The longer wolf couples are together, the more likely their offspring are to survive into adulthood, according to new research from the University of Idaho.
According to the study, which will be published in the journal Behavioral Ecology, for each year a wolf pair stays together, the odds of their pups surviving into adulthood increased 20%.
Put another way, “they get 20% better at what they do every year,” study author David Ausband said.
The study used nine years of scat data collected by Ausband and others from wolves throughout Idaho.
A male and female wolf play near Kelly Creek on the Idaho/Montana border in 2017. (Idaho Department of Fish and Gam / Courtesy)
Ausband started collecting the data as a graduate student at the University of Montana.
He then worked for the Idaho Department of Fish and Game before taking a job at the University of Idaho last year.
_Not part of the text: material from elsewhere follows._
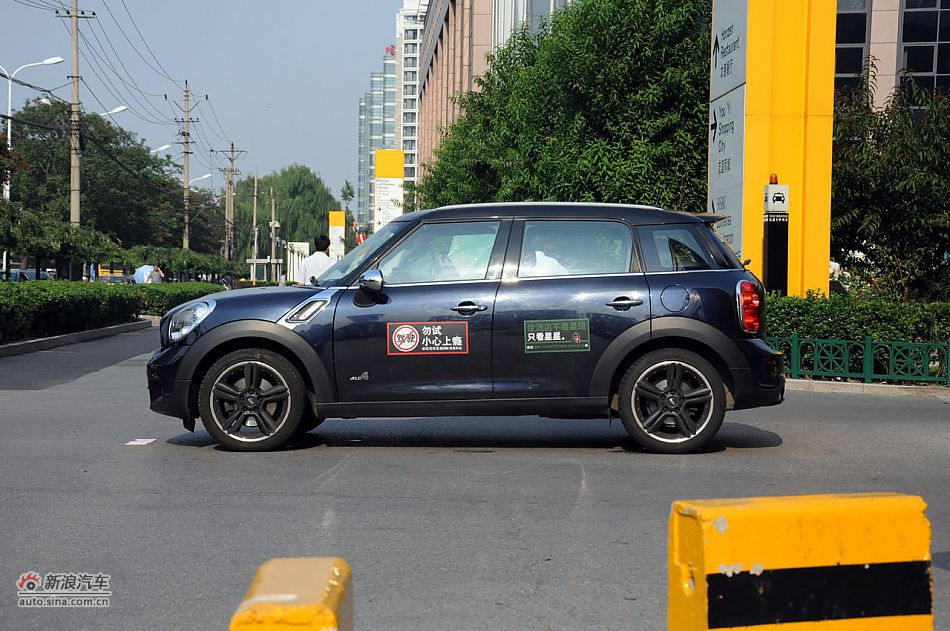 2011款MINI COUNTRYMAN实拍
His research examines a relatively understudied area: the impact of monogamy in mammals.
“Remarkably, I could not find a study that measured pair bond duration and its effects on reproduction in a mammalian cooperative breeder,” Ausband writes in the study.
In particular, he wanted to see how legal hunting impacted monogamy in wolves, how monogamy impacted pup rearing and how monogamous relationships changed the overall social structure of a pack.
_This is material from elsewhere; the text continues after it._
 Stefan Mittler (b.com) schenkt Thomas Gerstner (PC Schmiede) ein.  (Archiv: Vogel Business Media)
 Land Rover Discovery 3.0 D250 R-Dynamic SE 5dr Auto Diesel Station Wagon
He expected to find that hunting reduced monogamy, possibly fraying pack dynamics.
“I thought … harvest would reduce pair bonds. And that’s not what I found,” he said. “And it’s because pair bonds are super short. They only last a couple years.”
On average, wolf pairs stayed together for 2.2 years, although there was wide variance. For instance, one wolf couple documented by Ausband stayed together for at least nine years, basically an eternity for an animal that is considered ancient at 13. The average of 2.2 years found in Idaho aligned with rates “measured in a recolonizing wolf population in Sweden that experienced relatively high rates of human-caused mortality.”
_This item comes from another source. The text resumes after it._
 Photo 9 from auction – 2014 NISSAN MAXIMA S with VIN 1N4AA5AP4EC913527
“There are some (pairs) that last a long time and those that do (last) stomp,” Ausband said. “They’re super good at what they do.”
Why the pairings are, on average, so short isn’t clear. But Ausband believes it has to do with the vicissitudes of wolf life, whether that’s younger wolves trying to establish themselves as alphas, the inherent danger of trying to kill large, panicked ungulates with your face, or human hunting.
“Wolf packs are dynamic,” he said. “There is more drama in a wolf pack than in a middle school dance. There is always stuff going.”
Overall, wolves were monogamous about 72% of the time, he found.
In addition to increasing pup survival, monogamy also stabilized pack dynamics. Monogamous pairs reduced the occurrence of “sneaker males” and decreased polygamy in the group.
Sneaker males are males who mate and then leave the hard work of rearing offspring to others.
Monogamous wolf pairs were, overall, better at maintaining control of their packs, although pack size played a big role. Possibly, smaller wolf packs (partially caused by hunting) are easier for an alpha male and female to maintain control over, he said.
“If a pair is together, and their group size is large, it’s harder to police sneaker males. If you have 20 wolves to keep track of, it’s really hard to keep sneaker males out,” he said. “It’s a lot like human families. Or a big classroom at an elementary school. If you have a lot of kids, it’s harder to police.”
The study builds on, and adds to, research done in Minnesota’s Voyageurs National Park suggesting that wolves learn, rather than relying solely on instinct.
There, scientists observed wolves lying in wait along known beaver paths, often picking their ambush site far from the water. In fact, according to National Geographic, some wolves appeared to specialize in killing beavers.
In Idaho, Ausband found that when an older wolf mated with a younger wolf, the older appeared to teach the younger how to parent. Pups born to those pairings were more likely to survive than pups born to two first-time parents.
Understanding how wolves live and breed is important information for scientists and managers.
“If we don’t understand the truth about how an animal breeds, we’re not going to be very good at managing and conserving them,” Ausband said.